The reality is that the electric car is the most immediate future of the automotive sector, although there are still barriers to its use becoming much more popular.
One of them is the price of an electric car, a very important factor that conditions its purchase, especially when compared to its combustion counterpart.
For this reason, many manufacturers are working to be the first or at least one of the first to offer an economical electric car.
Currently in Spain, the king of the low-cost electric car is undoubtedly the Dacia Spring, a small utility vehicle that makes it an ideal option for getting around big cities without any worries and for less than 20,000 euros.
The Chinese manufacturers that are starting to arrive in Europe are also fighting for this virtually captive market, to which we now have to add a new Citroën contender.
The Citroën ë-C3, the French carmaker’s low-cost electric car
The next generation of the Citroën C3 is set to be an all-electric car and the French carmaker’s big weapon to offer its customers a low-cost electric car.

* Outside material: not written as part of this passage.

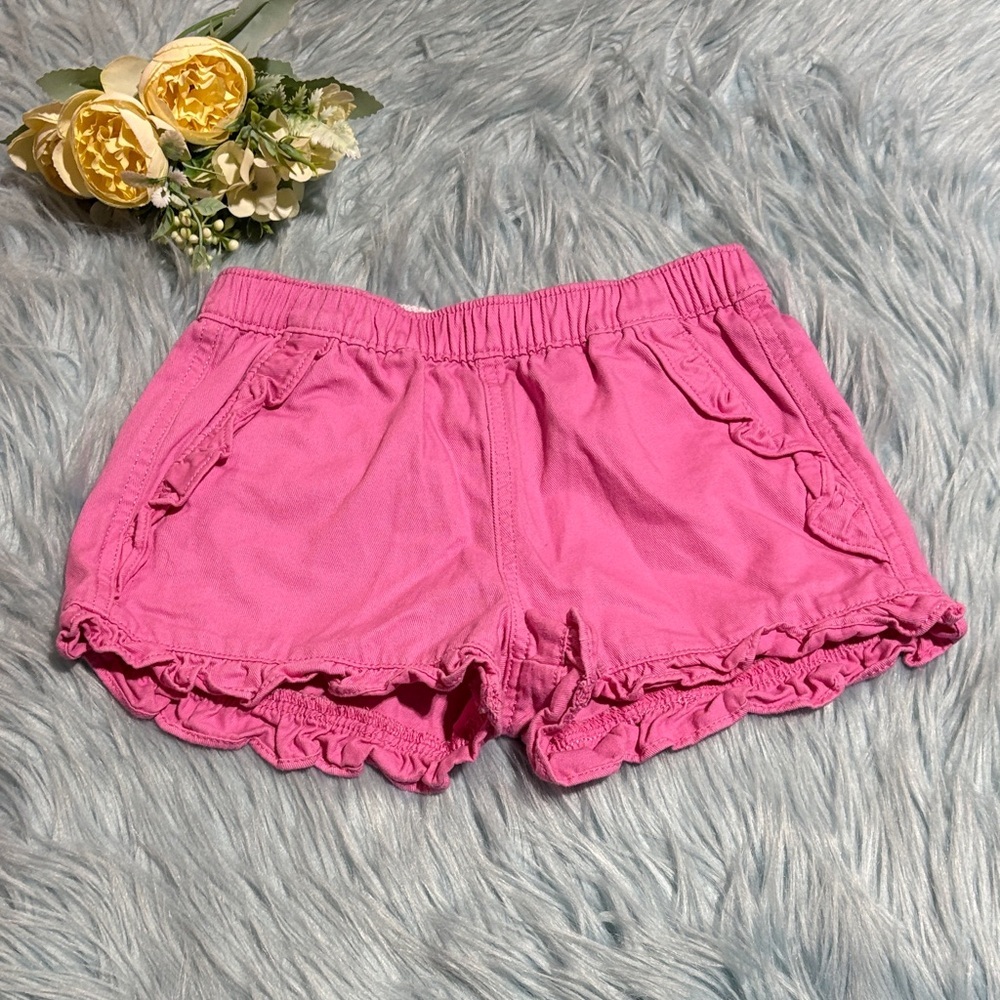 Crewcuts Pink Ruffle Shorts sz 7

The CEO of Stellantis, Walter Tavares, already indicated a few months ago that today it is very difficult to offer cheap electric cars, as the costs are really high and that the only viable option to reduce costs is to manufacture them in China.
And yes, you guessed it, the Renault group manufactures the Dacia Spring entirely in China and Citroën could do something similar with the future Citroën C3, which is currently manufactured in India, a country with very competitive costs.
Citroën recently unveiled the Citroën Oli prototype, which will mark the brand’s future design, and the Citroën C3 electric car is likely to be based on it for this low-cost electric car offensive aimed at launching an electric car under 20,000 euros.